Exercise requirements:
Each line in the records that mentions the word "white" needs to be listed.

Extracted material:

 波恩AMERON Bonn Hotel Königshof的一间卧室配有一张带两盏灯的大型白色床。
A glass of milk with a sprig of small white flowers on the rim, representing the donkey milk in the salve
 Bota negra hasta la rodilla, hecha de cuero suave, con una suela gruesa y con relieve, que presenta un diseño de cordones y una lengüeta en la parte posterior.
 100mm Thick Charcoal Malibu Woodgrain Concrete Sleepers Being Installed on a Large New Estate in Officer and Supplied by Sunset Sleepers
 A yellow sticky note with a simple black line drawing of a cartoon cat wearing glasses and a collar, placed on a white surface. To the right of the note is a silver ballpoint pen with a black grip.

==

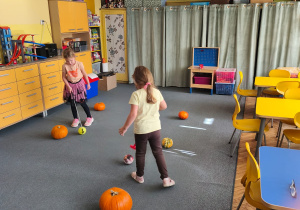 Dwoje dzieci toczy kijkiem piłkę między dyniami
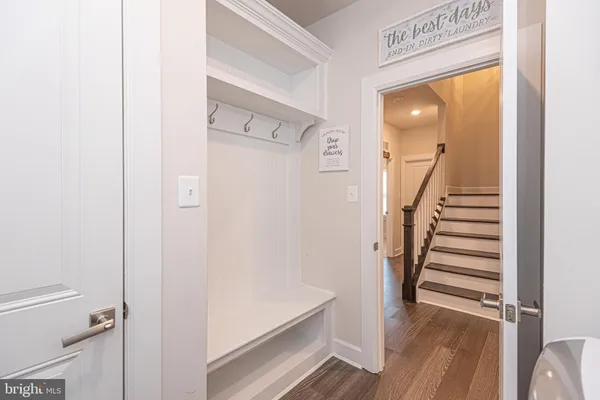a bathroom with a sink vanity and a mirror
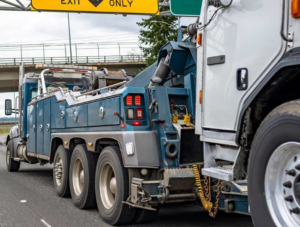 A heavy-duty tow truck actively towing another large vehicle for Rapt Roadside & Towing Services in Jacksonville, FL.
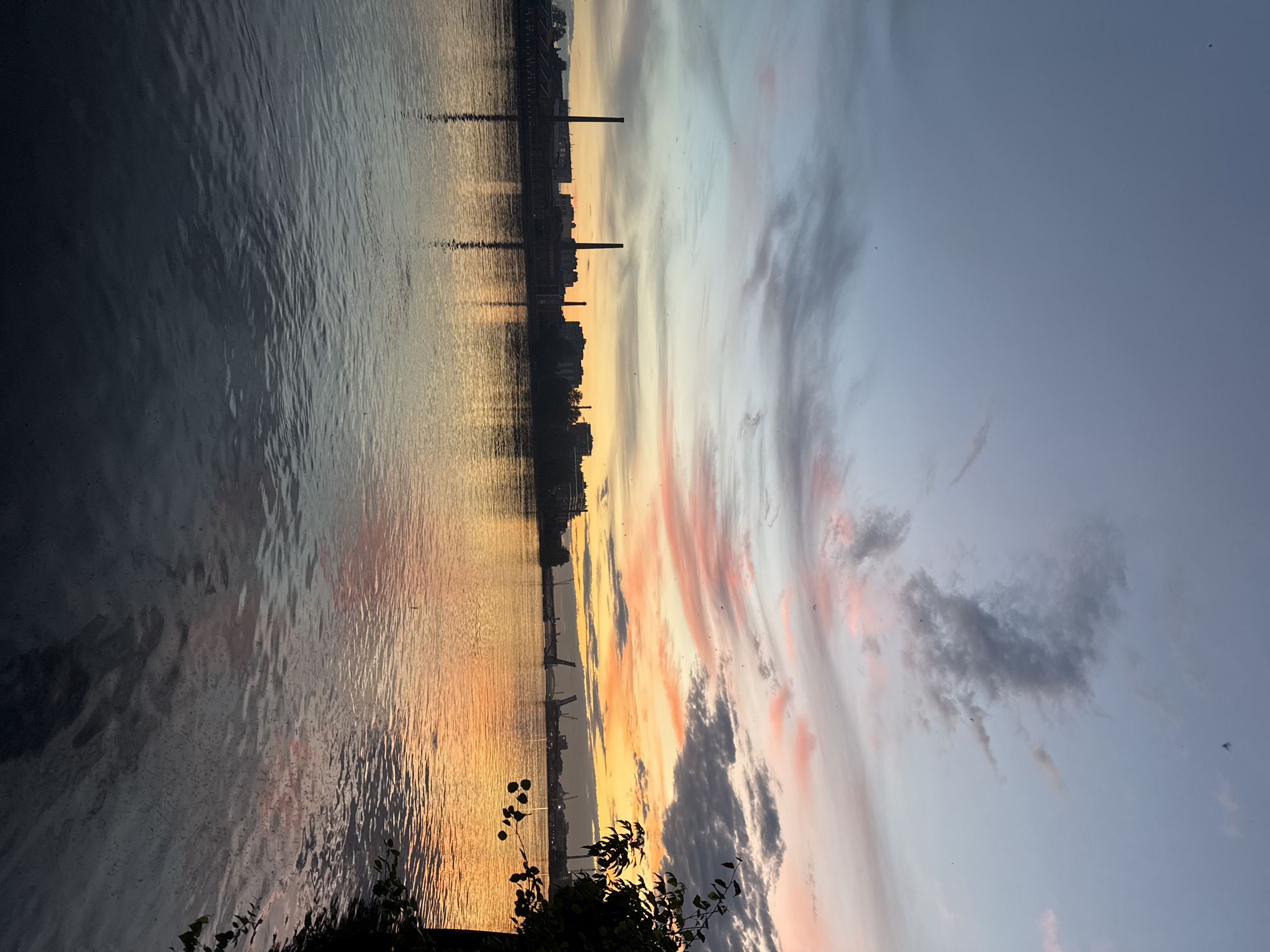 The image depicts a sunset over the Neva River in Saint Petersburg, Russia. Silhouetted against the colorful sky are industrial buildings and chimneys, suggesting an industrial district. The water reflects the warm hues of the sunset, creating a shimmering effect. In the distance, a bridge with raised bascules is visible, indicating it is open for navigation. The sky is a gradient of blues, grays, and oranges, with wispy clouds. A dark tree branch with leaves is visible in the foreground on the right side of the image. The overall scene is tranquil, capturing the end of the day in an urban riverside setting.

Solution for this problem:
A glass of milk with a sprig of small white flowers on the rim, representing the donkey milk in the salve
 A yellow sticky note with a simple black line drawing of a cartoon cat wearing glasses and a collar, placed on a white surface. To the right of the note is a silver ballpoint pen with a black grip.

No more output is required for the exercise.